Pada saat perbincangan dengan Tuts Kampus, Firman mengatakan bahwa sebelumnya ia berniat mengikuti UKM Madawirna. Namun ia tidak jadi mengikutinya, dan UKM yang saat ini diikuti adalah UKMF Camp dan Kopma. “Kalau rencanaku dulu mau ikut madawirna, kayak mapala itu. Tapi ngga tau ini jadi apa ngga. Tapi rencana yang udah pasti ikut UKMF Camp, terus KOPMA, udah sih itu aja rencanaku.”
Terasa Memberatkan
Kebijakan PEM mengharuskan mahasiswa memilih 2 kegiatan dari 2 kategori yang berbeda. V menilai hal tersebut merupakan hal yang cukup memberatkan. Ia takut tidak bisa membagi waktu dengan baik dalam melaksanakan kegiatan di UKM yang diikuti.
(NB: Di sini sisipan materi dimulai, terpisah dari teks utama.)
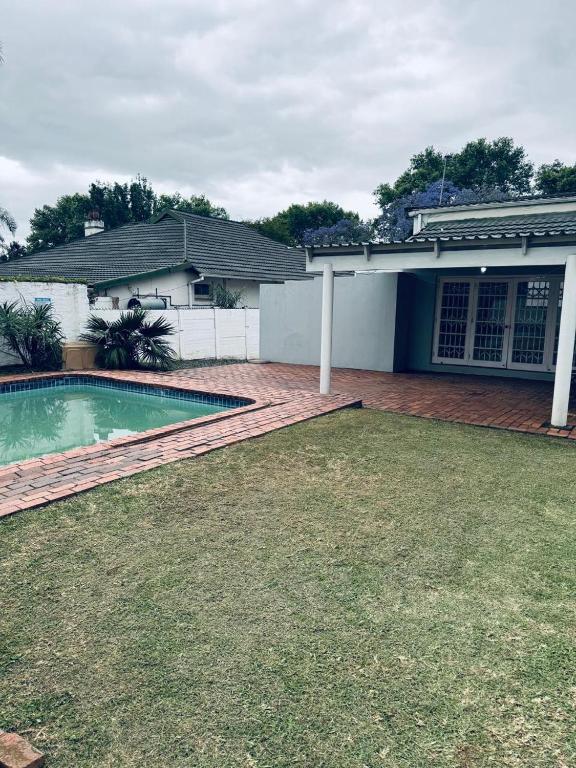 a house with a swimming pool in the yard at Eagles Enest BnB in Pietermaritzburg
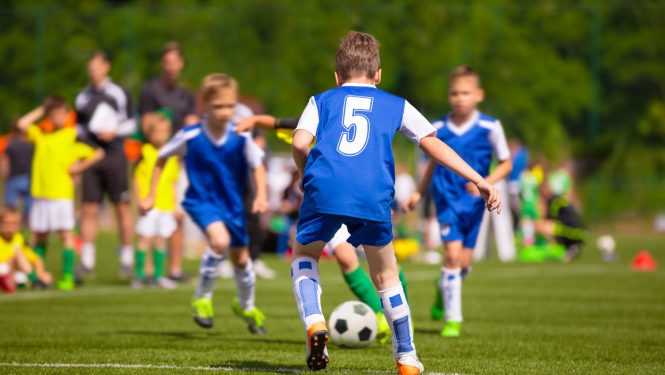 Puikas zilās formās spēlē futbolu. Fonā stāv citi puikas dzeltenās formās un treneri.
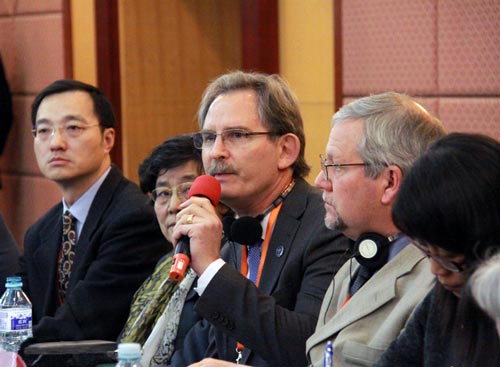 Dan Jeffers (second from the left) attends a meeting in the Great Hall of China. Source: CCTV13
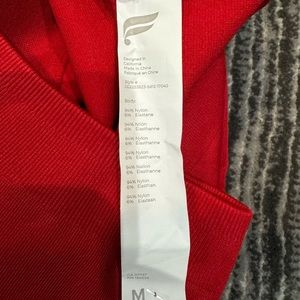 NWT Fabletics red size M leggings with cut out design.
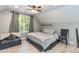 Comfortable bedroom with a ceiling fan, a large window, and modern decor in a relaxing setting at 7216 Rabbit Run, Wake Forest, NC 27587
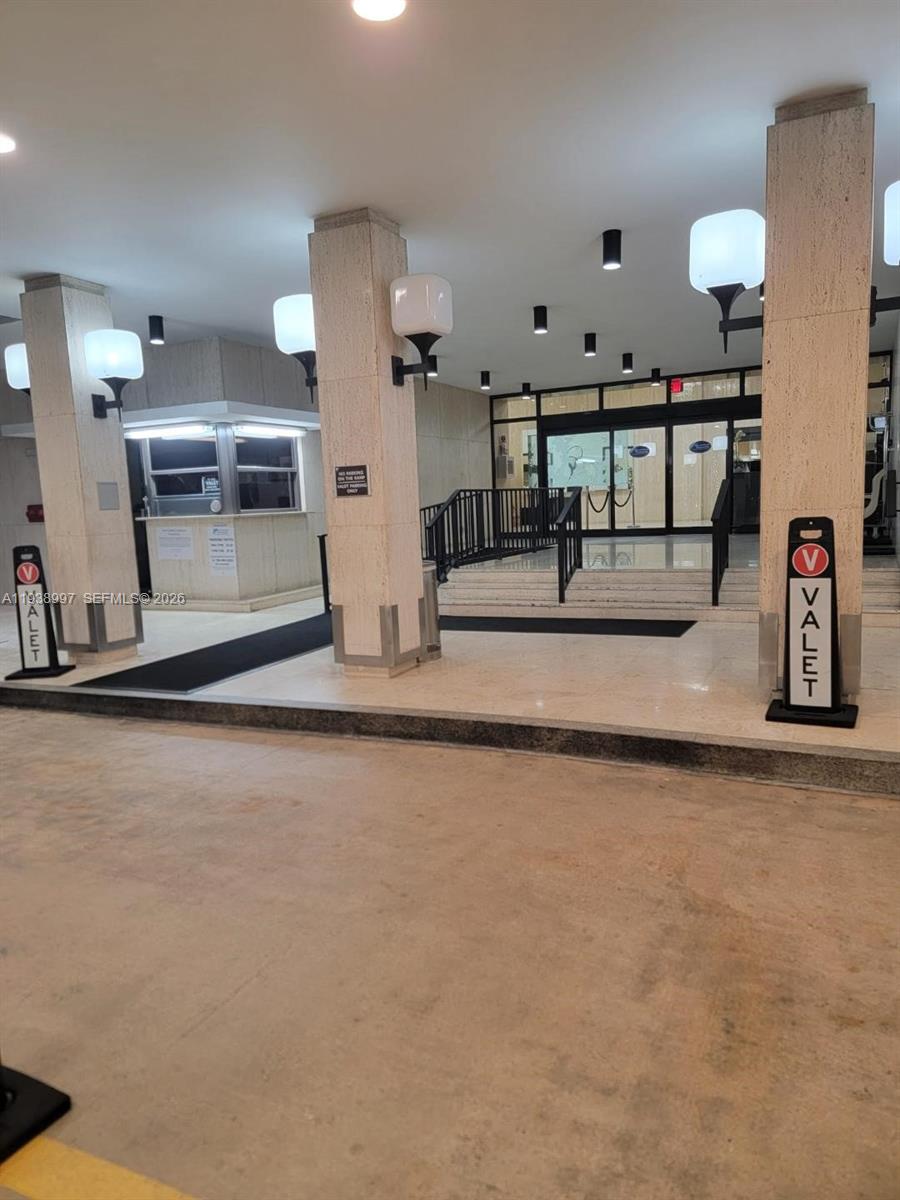 A valet drop-off area features stone pillars, glass doors, and a small security booth — 500 Three Islands Blvd # 709, Hallandale Beach FL 33009, HALLANDALE BEACH, FL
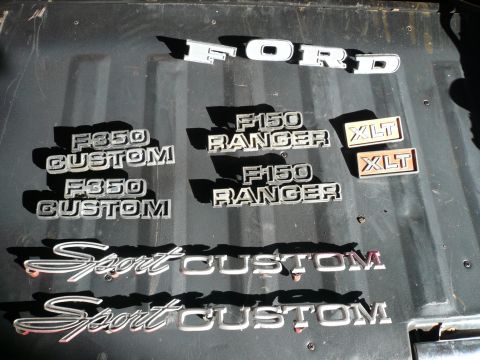1975 Ford Ranchero - Collection of Ford emblems including F350 Custom, F150 Ranger, XLT, and Sport Custom trim pieces.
“Iya, takut ngga bisa bagi waktunya dan nabrak dengan jadwal kelas, takut ngga sempet ngerjain tugas kuliah saking banyaknya kegiatan di luar. Kalau tugasnya banyak ngerjainnya kapan ?” Ujar V ketika berbincang dengan Tuts Kampus.
Sedangkan Firman memiliki perspektif tersendiri dalam melihat hal tersebut. Ia mengatakan bahwa jika dilihat dari tujuannya, maka Kebijakan PEM akan bernilai baik bagi mahasiswa. Namun ia merasa terberatkan karena terkesan dituntut harus mengikuti suatu kegiatan dan memiliki kendala dalam transportasi serta waktu.
“Wajib poin PEM ini kan baik juga buat disiplin terus buat kita manajemen waktu, tapi dari aku sendiri ya, jujur lumayan memberatkan karrna kita dituntut untuk ikut ini itu. Jadi kalo memberatkan menurut aku itu di masalah transportasi dan waktu gitu, dan berat dipikiran sih, kepikiran gak bisa ngejar point PEM nya sih, begitu sih menurutku.” Ujar Firman.
Firman menambahkan ia juga merasa terberatkan jika harus mengejar suatu target tertentu. “Yang memberatkan lagi untuk aku, aku kan orangnya ngga cenderung aktif banget di dalem yang begitu – gitu. Ikut kegiatan seneng, tapi ngga yang harus sampe ngejar gini harus ditargetin gini.”